I started second time and it started weak, then powered up, did it have something to do with the cold? Haven’t started/driven it since I got the first codes @faint galleon
At this point, your ecu is starting from scratch, so a few hickups don't frighten me. Your transmission will need to re-learn your driving habits (it is intelligent to a degree that it will program itself.)
You will also have to teach the windows where their end stops are.
Right now, it is a wait and see moment. Cold is never good on engines so be sure to let it warm before driving. Pay attention to what you are doing should the CEL come back on.
If it does return, then get those code read as soon as possible, as that is your first clue the problem is still there.

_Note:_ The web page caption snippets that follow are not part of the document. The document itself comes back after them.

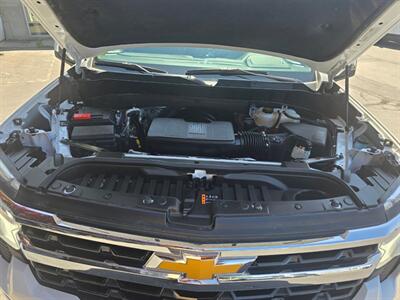 2024 Chevrolet Silverado 1500 LT   - Photo 37 - Salt Lake City, UT 84115
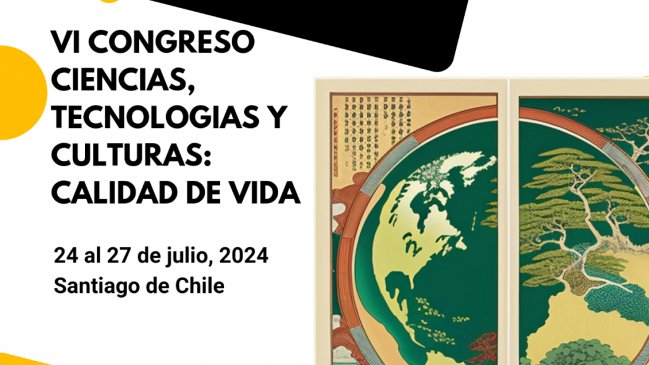 Simposio buscará reflexionar sobre avances en China y sus aplicaciones en América Latina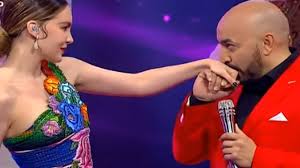 Lupillo rivera se borra el tatuaje de belinda y las redes estallan publicado: Lupillo Rivera Y El Tatuaje De Belinda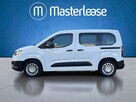 Toyota Proace City Verso 1.5 D-4D Combi ! Z Polskiego Salonu ! Faktura VAT ! - 8
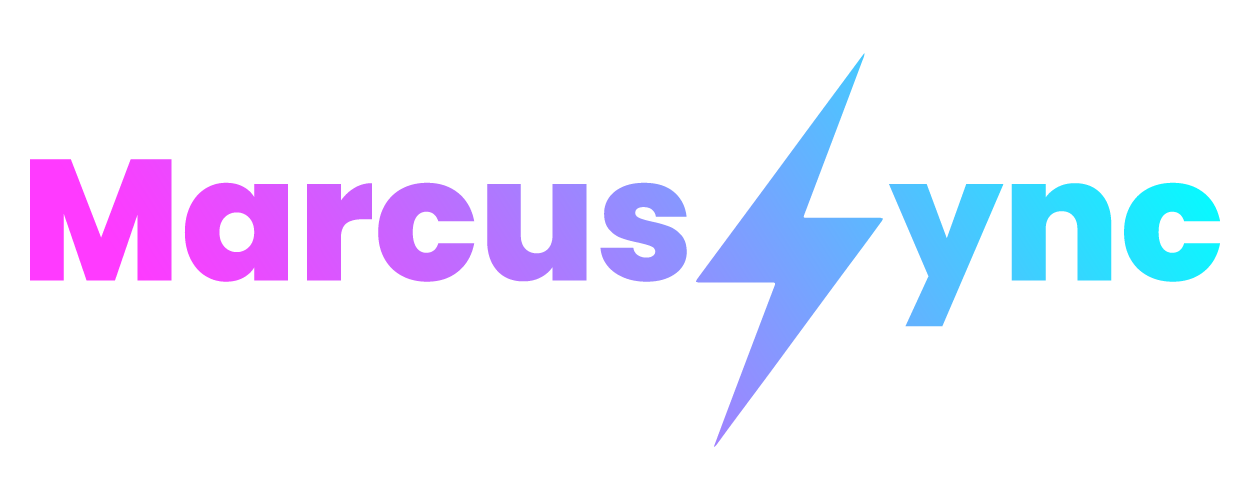 Marcus Sync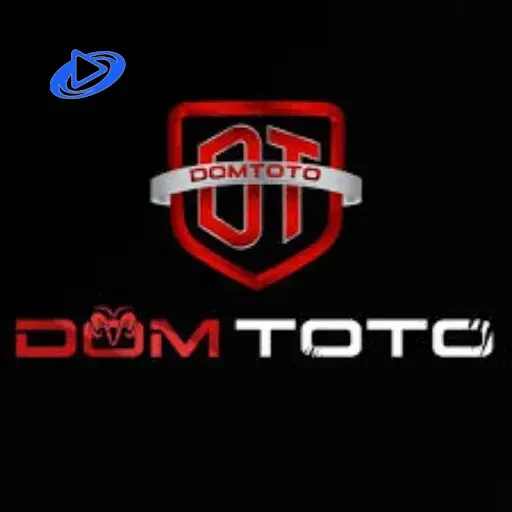 domtoto Logo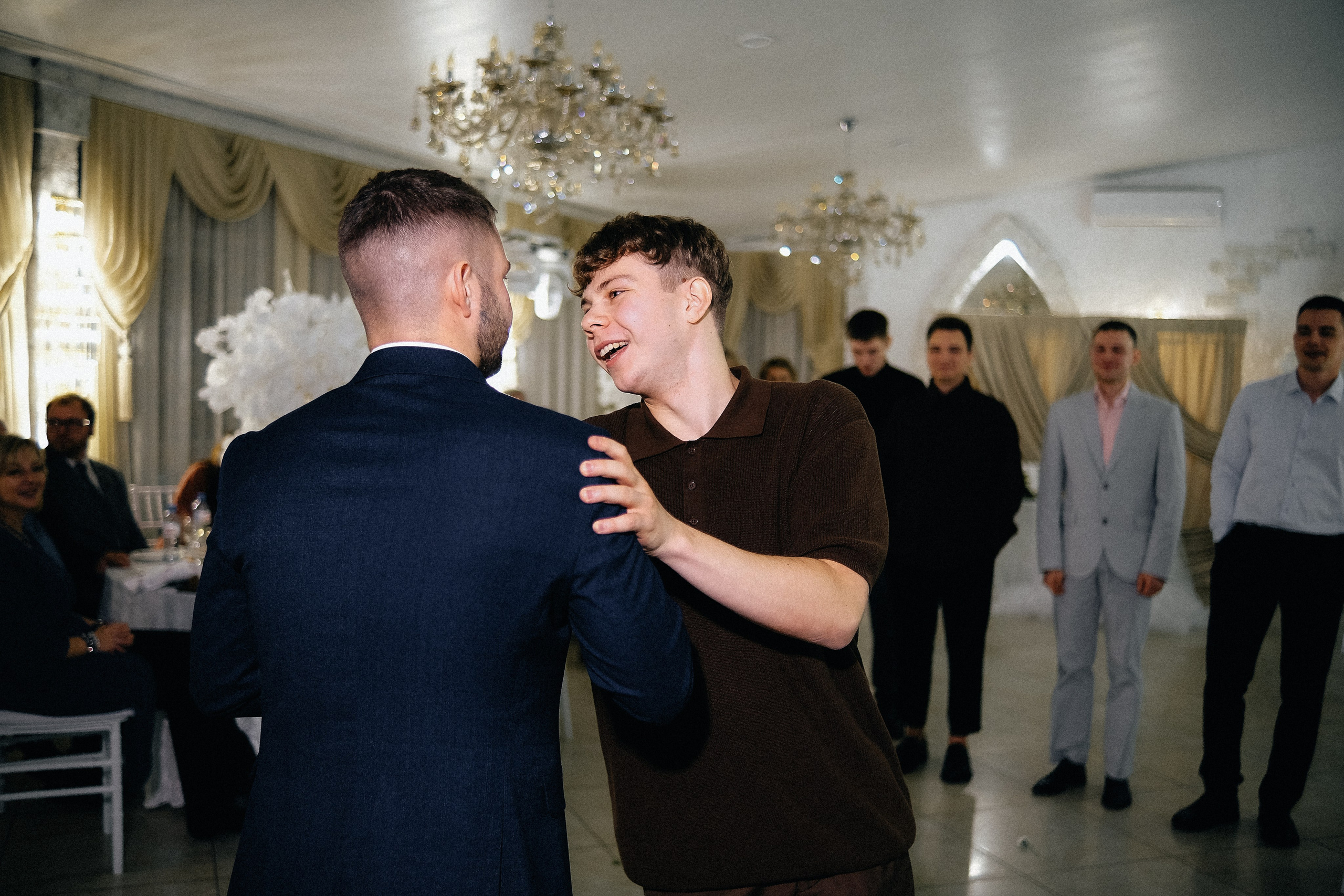 Оля & Денис СПБ. Phdkvmr.ru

Sounds good, I’ll let you know if something happens, thank you very much
Do you think it could have been bad spark plug? I’m reading up on the symptoms and my car had the exact same symptoms for bad spark plugs
Like I started it this morning, the engine died on me, and I had to try again to start it, also the weird thing that happened when I couldn’t accelerate, and my fuel economy went down from 15mpg to 8mph
Did the check engine light come back on?
It hasn’t yet
But other than the 2nd try on starting, no codes and it drives correctly?
Yeah, and the horrible gas economy
Gas economy is just a computer reading, not reality. It too will need time to re-calibrate itself, a few fill-ups will likely set that straight. What we are looking for is engine/performance related. Cold start is still a concern, but how is the *idle, acceleration, and shifting *(keep in mind the transmission is intelligent as well, and needs time to learn your driving habits)?
I'm not quick to leap into panic mode, simply because JLR's can be temperamental. I've learned that most common issues are easily addressed. Right now, we are waiting for any new codes to appear, so treat her nicely for a week or so and lets wait and see.
Peace!
oh ok, it seems to idle fine, and accelerate fine. Shifting seems normal too. I will let you know if there are more codes, thank you!
Just because I can, here are my two babies. I love my Jags.... Sigh....
Also once I figure out everything I’m probably going to sell it. Any recommendations on what I should go for? Looking to go with a coupe(one with 4 seats) and is reliable and looks nice
If 4 seats are a must, then I would seriously look at an XF rather than a coupe. One hell of a steel on todays market (provided you steer clear of the 5.0L).
As for coupes, I'm not really any help there. You can buy a low mile XK like my silver one in the $14-16k range, but they arnt practical, nor good for more that 2 people (rear seats are there for insurance purposes only).
A used Auston Martin would be my preference if a coupe was on my list, but again, not practical.
Once I sell my XKR, I'll be on the hunt for a 2006 jaguar XJR. Class, luxury and power all wrapped in a single aluminum chassis!